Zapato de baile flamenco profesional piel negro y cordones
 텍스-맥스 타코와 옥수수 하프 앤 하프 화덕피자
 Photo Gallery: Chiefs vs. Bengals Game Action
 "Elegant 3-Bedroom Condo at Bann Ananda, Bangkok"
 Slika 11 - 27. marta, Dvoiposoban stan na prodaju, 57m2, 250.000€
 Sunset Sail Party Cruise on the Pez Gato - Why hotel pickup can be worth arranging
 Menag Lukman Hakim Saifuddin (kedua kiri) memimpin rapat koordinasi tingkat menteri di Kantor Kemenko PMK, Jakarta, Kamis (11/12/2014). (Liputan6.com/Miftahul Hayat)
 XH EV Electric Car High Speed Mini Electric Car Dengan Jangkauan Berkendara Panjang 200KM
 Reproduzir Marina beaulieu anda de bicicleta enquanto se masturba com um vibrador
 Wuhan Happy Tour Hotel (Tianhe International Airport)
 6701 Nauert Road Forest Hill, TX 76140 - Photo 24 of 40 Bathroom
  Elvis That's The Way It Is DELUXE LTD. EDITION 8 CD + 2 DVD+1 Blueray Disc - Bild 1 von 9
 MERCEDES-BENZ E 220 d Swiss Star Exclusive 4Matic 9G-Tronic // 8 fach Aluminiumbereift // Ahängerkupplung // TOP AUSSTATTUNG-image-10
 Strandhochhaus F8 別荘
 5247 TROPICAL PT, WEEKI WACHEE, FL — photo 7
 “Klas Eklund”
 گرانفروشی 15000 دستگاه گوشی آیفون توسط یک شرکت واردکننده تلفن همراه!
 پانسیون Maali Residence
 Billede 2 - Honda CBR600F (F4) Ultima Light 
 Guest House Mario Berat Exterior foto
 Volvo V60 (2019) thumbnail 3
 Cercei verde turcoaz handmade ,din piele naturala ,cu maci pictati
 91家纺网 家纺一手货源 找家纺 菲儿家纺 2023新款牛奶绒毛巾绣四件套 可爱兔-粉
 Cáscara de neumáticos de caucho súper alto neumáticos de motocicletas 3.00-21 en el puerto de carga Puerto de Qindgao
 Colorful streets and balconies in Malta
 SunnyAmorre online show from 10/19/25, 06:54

- - -

Task description: Write every line of the entries again, word for word.

Solved exercise:
Zapato de baile flamenco profesional piel negro y cordones
 텍스-맥스 타코와 옥수수 하프 앤 하프 화덕피자
 Photo Gallery: Chiefs vs. Bengals Game Action
 "Elegant 3-Bedroom Condo at Bann Ananda, Bangkok"
 Slika 11 - 27. marta, Dvoiposoban stan na prodaju, 57m2, 250.000€
 Sunset Sail Party Cruise on the Pez Gato - Why hotel pickup can be worth arranging
 Menag Lukman Hakim Saifuddin (kedua kiri) memimpin rapat koordinasi tingkat menteri di Kantor Kemenko PMK, Jakarta, Kamis (11/12/2014). (Liputan6.com/Miftahul Hayat)
 XH EV Electric Car High Speed Mini Electric Car Dengan Jangkauan Berkendara Panjang 200KM
 Reproduzir Marina beaulieu anda de bicicleta enquanto se masturba com um vibrador
 Wuhan Happy Tour Hotel (Tianhe International Airport)
 6701 Nauert Road Forest Hill, TX 76140 - Photo 24 of 40 Bathroom
  Elvis That's The Way It Is DELUXE LTD. EDITION 8 CD + 2 DVD+1 Blueray Disc - Bild 1 von 9
 MERCEDES-BENZ E 220 d Swiss Star Exclusive 4Matic 9G-Tronic // 8 fach Aluminiumbereift // Ahängerkupplung // TOP AUSSTATTUNG-image-10
 Strandhochhaus F8 別荘
 5247 TROPICAL PT, WEEKI WACHEE, FL — photo 7
 “Klas Eklund”
 گرانفروشی 15000 دستگاه گوشی آیفون توسط یک شرکت واردکننده تلفن همراه!
 پانسیون Maali Residence
 Billede 2 - Honda CBR600F (F4) Ultima Light 
 Guest House Mario Berat Exterior foto
 Volvo V60 (2019) thumbnail 3
 Cercei verde turcoaz handmade ,din piele naturala ,cu maci pictati
 91家纺网 家纺一手货源 找家纺 菲儿家纺 2023新款牛奶绒毛巾绣四件套 可爱兔-粉
 Cáscara de neumáticos de caucho súper alto neumáticos de motocicletas 3.00-21 en el puerto de carga Puerto de Qindgao
 Colorful streets and balconies in Malta
 SunnyAmorre online show from 10/19/25, 06:54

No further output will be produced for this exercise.